Effective March 4, 2008, we acquired 100% of
the issued and outstanding membership interests in the parent of South American Hedge Fund LLC, a Delaware limited liability company
(sometimes herein referred to as “SAHF”). For accounting purposes, the transaction was treated as a recapitalization
of the Company, as of March 4, 2008, with the parent of SAHF as the acquirer. SAHF maintains a branch office in Argentina, where
it has made investments in oil and gas exploration and development activities.
Overview
We are an independent oil and gas company,
with the SIC Code classification 1311 (oil and gas production)for SEC filing purposes, engaged in oil and gas acquisition, exploitation,
production and exploration activities primarily in Argentina. Our operating policies have been to secure oil and gas properties
and concessions which either are producing economical quantities of oil and gas or which demonstrate favorable characteristics
for well “workovers” with a history of excellent production. Our goal has been to target these concessions
as compared to concessions which will be exploratory and would require drilling new wells.

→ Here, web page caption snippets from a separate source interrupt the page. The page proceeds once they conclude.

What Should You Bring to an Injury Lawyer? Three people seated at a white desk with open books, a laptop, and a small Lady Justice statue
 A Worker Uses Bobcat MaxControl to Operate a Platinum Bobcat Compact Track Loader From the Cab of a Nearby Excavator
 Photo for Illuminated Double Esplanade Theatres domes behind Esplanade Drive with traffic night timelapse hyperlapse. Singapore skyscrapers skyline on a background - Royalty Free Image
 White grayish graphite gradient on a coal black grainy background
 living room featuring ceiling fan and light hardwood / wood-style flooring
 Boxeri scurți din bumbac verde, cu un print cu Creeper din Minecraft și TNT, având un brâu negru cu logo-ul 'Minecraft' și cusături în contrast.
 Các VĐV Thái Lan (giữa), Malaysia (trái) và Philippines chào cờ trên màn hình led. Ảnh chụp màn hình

The Company's business is subject to the risks
of its oil and gas investments in South America. Our investments at this time are in the oil and gas sector in Argentina, where
recently proposed legislation would change the respective roles of the federal and provincial governments in the award of and participation
in oil and gas concessions. If enacted these changes could necessitate renegotiation of certain of the concessions in which we
have interests, and affect the value of our investments. As of the end of July 2014, Argentina was in technical default on its
external debt and, although negotiations to remedy this default are in process, it is likely that this situation, however resolved,
will lead the government to impose further restrictions on exports of capital from Argentina.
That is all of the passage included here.